Oder wer zum Fußball geht …

 

Genau! Da sieht man nicht wie ein Polizist einer Frau hilft, die Stalking ausgesetzt ist. Oder wie ein Beamter in ein brennendes Haus rennt, um Menschenleben zu retten. Man sieht nur den Polizisten im geschlossenen Einsatz und nicht den Freund und Helfer im tagtäglichen Dienst.  

 

Bei einer Demo habe ich selbst erlebt, wie ein Polizist einen Demonstranten ohne ersichtlichen Grund brutal ins Gesicht schlug. Ich wollte ihn anzeigen, aber der Täter war nicht mehr auffindbar. 

 

Und wer dann eine solche Anzeige macht, bekommt meistens auch eine Anzeige wegen Widerstands gegen Vollstreckungsbeamte. Ich hab mal einen Beschuldigten vernommen, dem das nach einen Fußballspiel in Jena so gegangen ist.
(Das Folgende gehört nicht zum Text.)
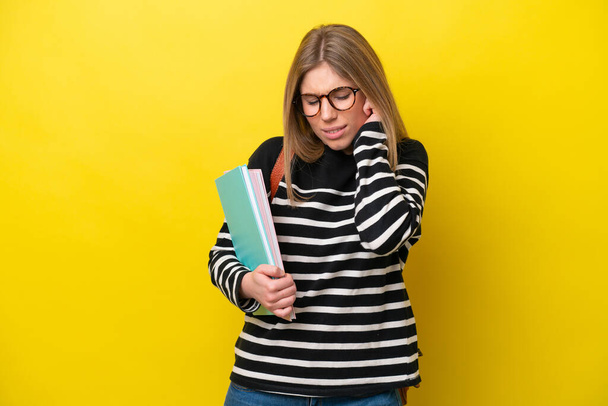 Young student woman isolated on yellow background background frustrated and covering ears - Photo, Image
Der war mit seinem Sohn nur zufällig da unterwegs und wurde von Polizisten umgehauen, hat sich an einen Gruppenführer gewandt, wollte Anzeige erstatten und erhielt statt dessen selber eine wegen Widerstand. 

 

Wie könnte man die, die Mist bauen zur Rechenschaft ziehen und gleichzeitig all jene, die ihren Job gut machen schützen? 

 

Verhältnismäßigkeit und mögliches alternatives Handeln muss in der Dienstnachbereitung immer wieder besprochen werden.  Das gilt auch für das Rechtsstaatsprinzip und die Gewaltenteilung: Die sind schwer erschüttert. Viele Polizisten glauben, Politik und Justiz sind unfähig und nur sie selber stehen noch für Recht und Ordnung. Die Gesetze macht aber die Politik und nicht die Polizei.